Assez !


 

J’écoutais ce matin – et redécouvrais – la chanson de Claude Nougaro intitulée Assez !  dont on trouvera un enregistrement (pas très bon) au bout de ce lien et les paroles au bas de cet article.

Cette chanson a été composée – elle a au moins été publiée –  en 1980 et on y trouve à la fois une réflexion écologique sur les ravages auxquels l’homme soumet la nature, et une réflexion morale sur les maux que l’humanité, depuis toujours, commet contre elles-même.
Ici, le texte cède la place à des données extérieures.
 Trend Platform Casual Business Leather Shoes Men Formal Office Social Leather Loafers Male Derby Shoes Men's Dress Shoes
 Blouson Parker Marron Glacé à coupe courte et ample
Et ces deux réflexions sont intimement liées, nouées, présentées comme  ayant trait à deux manifestations distinctes d’une même réalité : cette couronne d’épines que nous portons au front et qui nous fait hurler.
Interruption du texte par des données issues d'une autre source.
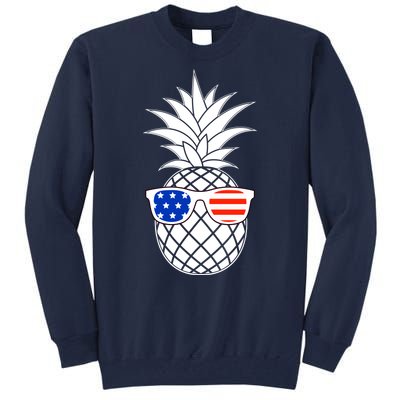 USA Pineapple With Sunglasses Tall Sweatshirt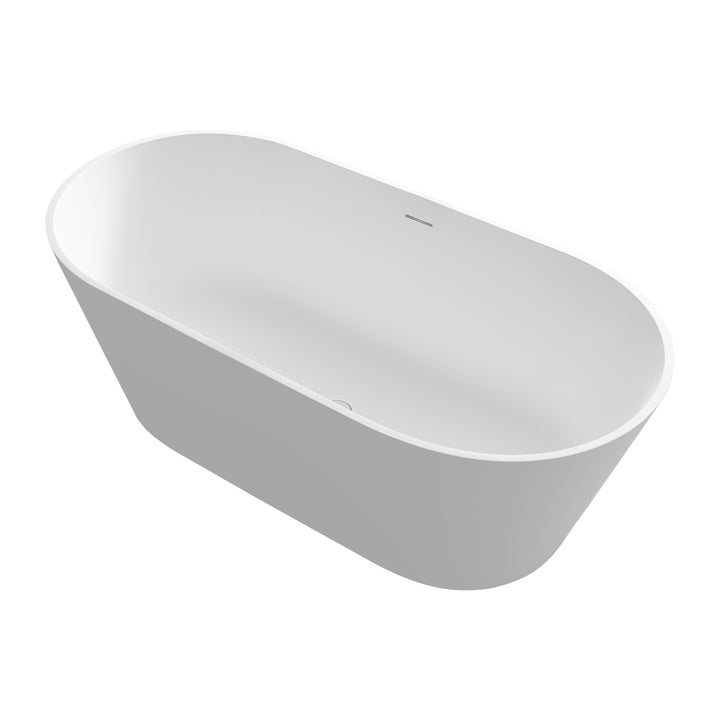 63" Stone Resin Solid Surface Matte Flatbottom Freestanding Bathtub in White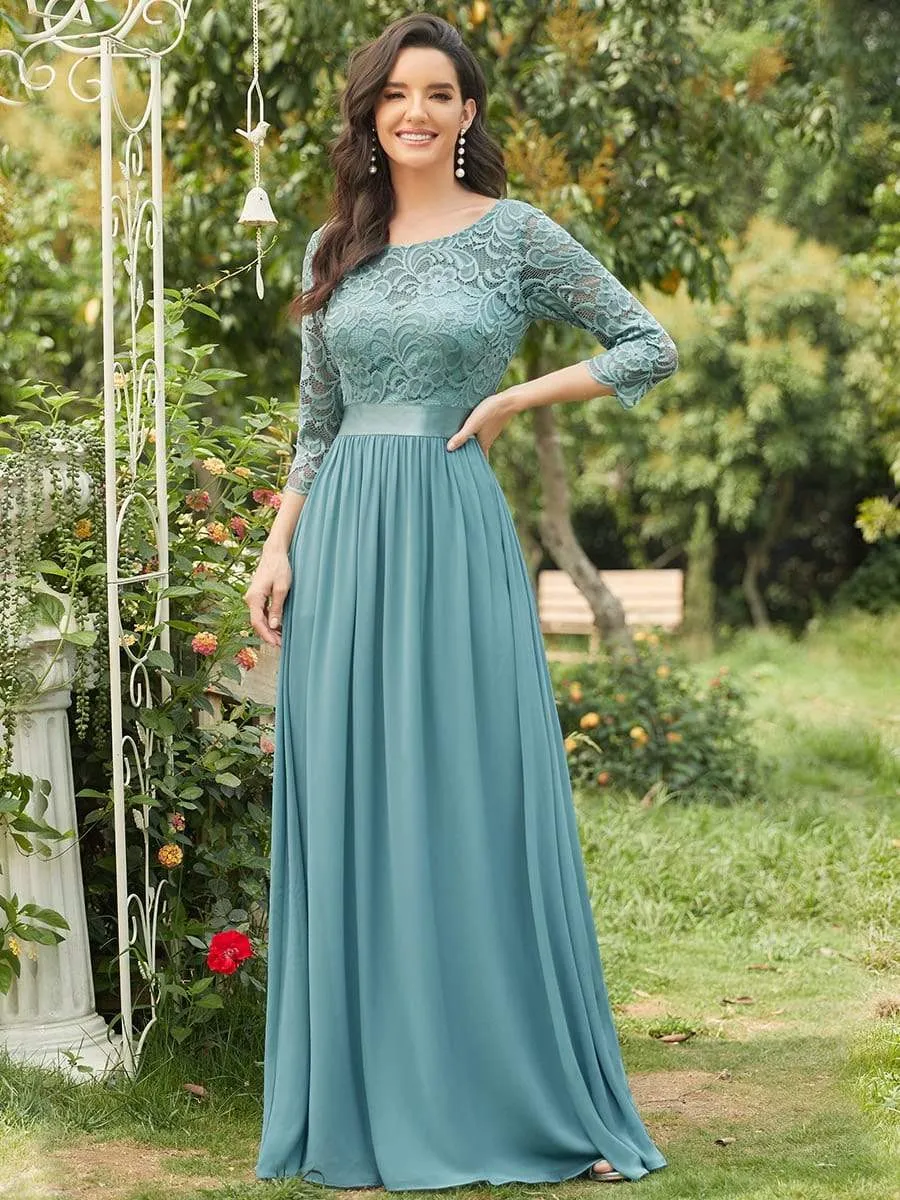 See-Through Floor Length Lace Chiffon Evening Dress with Half Sleeve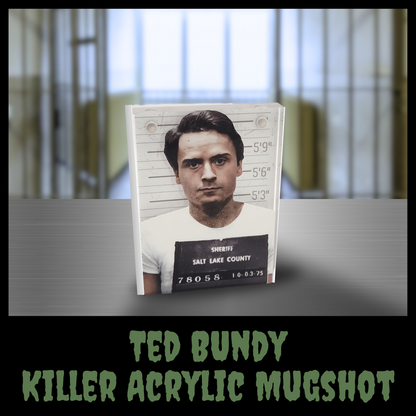 Ted Bundy Killer Acrylic Mugshot serial killer mugshot home decor true crime office decor serial killer gift (Copy)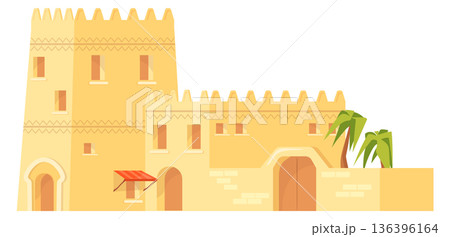Muslim architecture facade. Old military eastern castle 136396164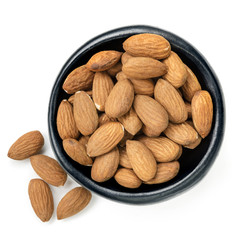 Almonds in Black Bowl Top View Isolated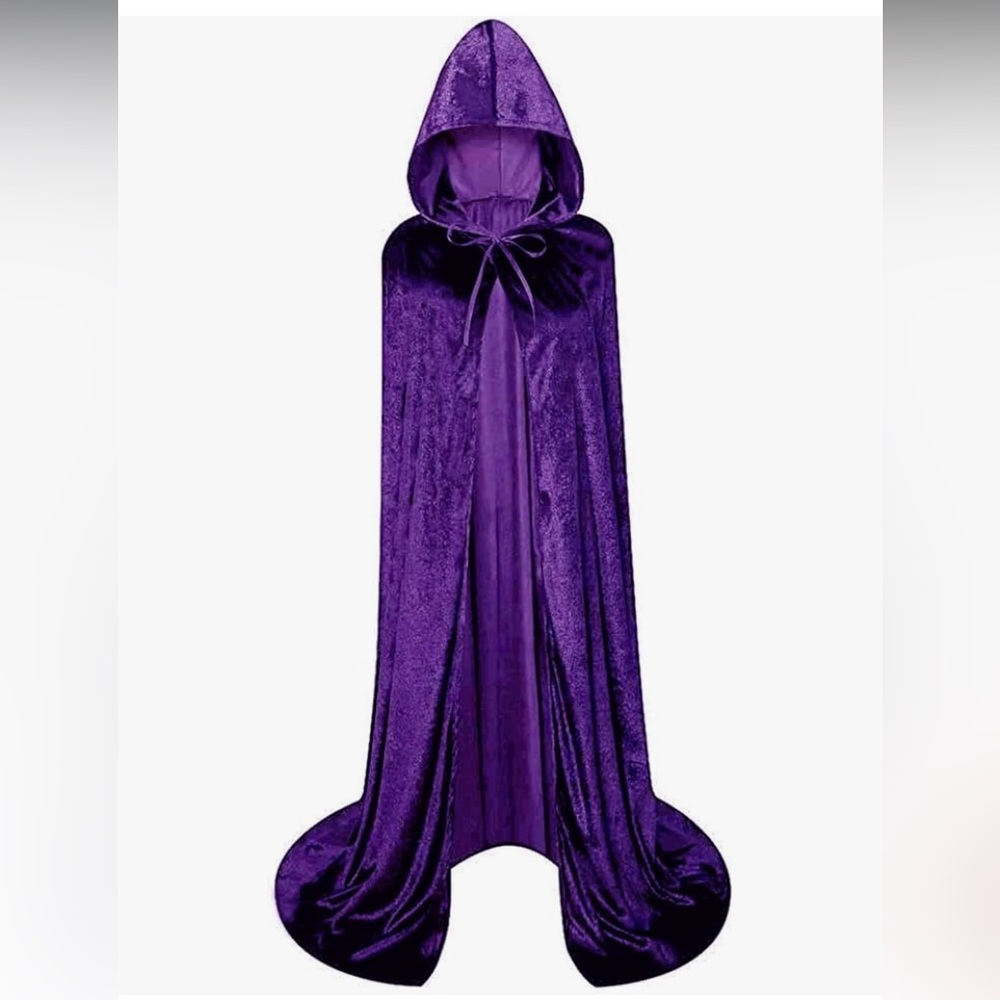 Unisex Full Length Hooded Robe Cloak Long Velvet Cape Cosplay Costume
Tant de choses dans cette chanson !

La première est la reconnaissance de la communauté profonde de racines de ces deux manifestations : souiller la nature n’est pas massacrer mais c’est probablement le même malheur qui est semé, la même angoisse qui s’agite au cœur de l’homme dans l’un et l’autre cas.
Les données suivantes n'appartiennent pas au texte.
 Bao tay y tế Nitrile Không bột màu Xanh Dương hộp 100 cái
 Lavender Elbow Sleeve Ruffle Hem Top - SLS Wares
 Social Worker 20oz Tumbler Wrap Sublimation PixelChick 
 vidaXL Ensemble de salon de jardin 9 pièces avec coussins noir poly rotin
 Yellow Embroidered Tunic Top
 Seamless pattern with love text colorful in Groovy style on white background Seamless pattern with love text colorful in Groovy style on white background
La deuxième, que je n’avais pas notée tandis que je parlais et qui me revient tandis que j’écris, est la prise de conscience de la dimension métaphysique des malheurs et des drames : on peut, à toute chose et à juste titre, donner des explications politiques ou économiques : la pollution est une production du capitalisme débridé et les guerres la conséquence de l’affrontement des nationalismes ; la criminalité se nourrit de l’injustice sociale et la chasse au narval de la crédulité des masses. Tout cela est vrai. Mais il y a aussi, au fond, qui n’explique pas tout mais sans qui les choses ne seraient pas ce qu’elles sont, cette propension de l’homme à agir mal, cette méchanceté que chacun d’entre nous nourrit en son sein.

Nous avons la conscience, qui est une lumière, et en même temps cette attirance vers le vide et le sombre. L’éclat d’un côté, qui nous élève et nous fait toucher le ciel ; et de l’autre l’obscur qui nous engonce et nous précipite vers ce que les religions appellent ou décrivent comme la chute, l’arrivée du dresseur de chevaux de Tchouang-Tseu : l’élan vers le ciel et, simultanément, la tentation du précipice.

Mais ce qu’on doit aussi finalement probablement comprendre, c’est que cette simultanéité n’est pas coïncidence ; elle n’est pas le fruit étrange et paradoxal du hasard. Ce qui nous projette si haut est aussi ce qui nous enfonce si bas. Ce qui peut nous rendre sublimes est aussi ce qui peut nous rendre mauvais. C’est la même expulsion hors de l’Eden, la même transgression – transgression qui est l’humanité de l’homme – qui dans l’un et l’autre cas nous porte et nous accompagne, nous sort de l’animalité – pour le meilleur et pour le pire.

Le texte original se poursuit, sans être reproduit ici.